Tarset will welcome the critically acclaimed play Unmythable – where heroes, monsters and gods go head to head in a play which rolls several of the most famous Greeks myths into one comedic performance from an all-female cast.

In honour of the occasion, Tarset Village Hall will be providing a Grecian spread of food for visitors, to keep in theme with the night.

Also on the programme for Tynedale is Strindberg’s 1888 classic thriller Miss Julie, which will performed by a collaboration between Theatre by the Lake and Jermyn Street Theatre at Alston Town Hall in April.

The play takes audiences on a shocking journey of forbidden lust, as aristocratic Miss Julie and her father’s manservant Jean begin a flirtatious game, which quickly turns into a romantic power struggle with fatal consequences.

Phoenix Dance Company will be stopping at Allendale Village Hall in June, where they will perform their most recent piece Windrush, a moving tribute, which tells the experiences of the Windrush generation. Opening the show will be young dancers from Youth Dance Tynedale, who will have worked under the company in the weeks prior.

For the whole family, Oskar’s Amazing Adventure, a play centered around a fun-loving puppy’s search for friendship in the snowy Alps will be showing at Bardon Mill and Henshaw Village Hall in April.

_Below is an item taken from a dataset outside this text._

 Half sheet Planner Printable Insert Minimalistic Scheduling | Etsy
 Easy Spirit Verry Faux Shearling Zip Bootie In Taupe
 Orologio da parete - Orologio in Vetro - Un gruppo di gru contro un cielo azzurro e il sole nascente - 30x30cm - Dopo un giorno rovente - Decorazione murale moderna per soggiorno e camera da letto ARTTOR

A flavour of the Romanian Mountains and Bulgarian festivals will be heading to Wark Town Hall in May with the arrival of multi-instrumentalist band She’Koykh, whose upbeat music originate from a range of countries.

Characters from the Bard’s comedy The Taming of The Shrew will appear in theatre company Finding the Will’s play Naming the View which will hit the stage at Bardon Mill and Henshaw Village Hall in May.

The play reimagines the shrewish Katherine’s life after 30 years of marriage to Petruchio, in which she is trapped in a emotionally abusive marriage.

“Village halls are often known for hosting the more traditional events so we’re trying to push the boat out,” said Sarah. “I hope that people do make the effort to turn out for what I know will be a great night.”